Schomburg E D, Petersen N, Barajon I, Hultborn H
Department of Medical Physiology, The Panum Institute, University of Copenhagen, Denmark.
Exp Brain Res. 1998 Oct;122(3):339-50. doi: 10.1007/s002210050522.
The generation of locomotor-like spinal rhythms has been proposed to involve two neural centres with mutual reciprocal inhibition (Graham Brown's "half-centre" hypothesis). Much later a particular set of segmental flexor reflex pathways were described as being organized in accordance with this half-centre hypothesis. As these pathways became operative following injection of monoaminoxidase inhibitors and L-3,4-dihydroxyphenylalanine (L-dopa), i.e. under the same conditions under which a spontaneous locomotor activity may develop, it was assumed that these particular pathways and spinal rhythm generators involve the same neuronal networks. In order to give further evidence to this hypothesis, we investigated whether short trains to "flexor reflex afferents" (FRA) reset the spinal locomotor rhythm, i.e. shorten or lengthen the stimulated cycle after which the regular rhythm is resumed with step cycles of the original duration. The experiments were performed in anaemically decapitated, high-spinal curarized cats. A steady locomotor rhythm was induced by injection of nialamide and L-dopa and the influence of electrical stimulation (trains of 50-1000 ms) of FRA (joint, cutaneous, and group II and III muscle afferents) onto this rhythm was tested. Stimulation of FRA induced a clear resetting of the locomotor rhythm, which was mainly characterized by a flexion reflex pattern: during the extension phase the extensor activity was interrupted and a flexion phase was initiated; during the late flexion phase mainly a prolongation of that phase with a variable change of the following extension phase was induced. In addition to this prevailing pattern, stimulation of some nerves (in particular nerves to more distal extensors and the sural nerve) could often prolong extension, when stimulated during the late extension, or terminate the flexor burst and initiate a new extension phase, when stimulated during the late flexion phase. This pattern is probably due to the concomitant stimulation of group I afferents in the case of the muscle nerves and to separate non-FRA pathways in the case of the sural nerve. The results demonstrate that the interneurones of the FRA pathways, which are operative during L-dopa-induced locomotion in spinal animals, can be considered as neuronal elements of the rhythm-generating network for locomotion.

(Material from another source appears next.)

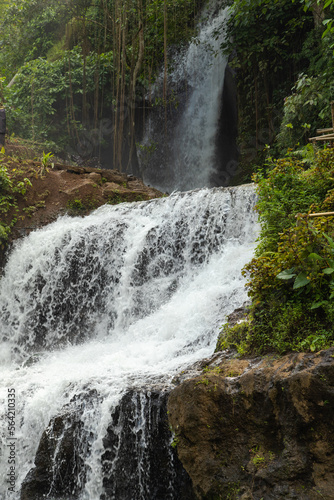 Uma Anyar waterfall  Bali  Indonesia. Jungle  forest  daytime with cloudy sky.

运动样脊髓节律的产生被认为涉及两个具有相互抑制作用的神经中枢(格雷厄姆·布朗的“半中枢”假说)。很久以后,一组特定的节段性屈肌反射通路被描述为按照这种半中枢假说进行组织。由于这些通路在注射单胺氧化酶抑制剂和L-3,4-二羟基苯丙氨酸(L-多巴)后开始起作用,即在可能产生自发运动活动的相同条件下,人们假定这些特定通路和脊髓节律发生器涉及相同的神经网络。为了进一步证明这一假说,我们研究了向“屈肌反射传入纤维”(FRA)施加短串刺激是否会重置脊髓运动节律,即缩短或延长受刺激的周期,之后以原始持续时间的步周期恢复正常节律。实验在贫血断头、高位脊髓箭毒化的猫身上进行。通过注射尼亚酰胺和L-多巴诱导出稳定的运动节律,并测试了对FRA(关节、皮肤以及Ⅱ和Ⅲ类肌肉传入纤维)进行电刺激(50 - 1000毫秒的串刺激)对该节律的影响。对FRA的刺激诱导了运动节律的明显重置,其主要特征为屈肌反射模式:在伸展期,伸肌活动被中断并启动一个屈曲期;在屈曲后期,主要是该期的延长以及随后伸展期的可变变化。除了这种主要模式外,刺激某些神经(特别是支配更远端伸肌的神经和腓肠神经),在伸展后期刺激时常常会延长伸展期,或者在屈曲后期刺激时会终止屈肌爆发并启动一个新的伸展期。这种模式可能是由于肌肉神经刺激时伴随的Ⅰ类传入纤维的刺激,以及腓肠神经刺激时单独的非FRA通路所致。结果表明,在脊髓动物中L-多巴诱导的运动过程中起作用的FRA通路的中间神经元,可被视为运动节律产生网络的神经元成分。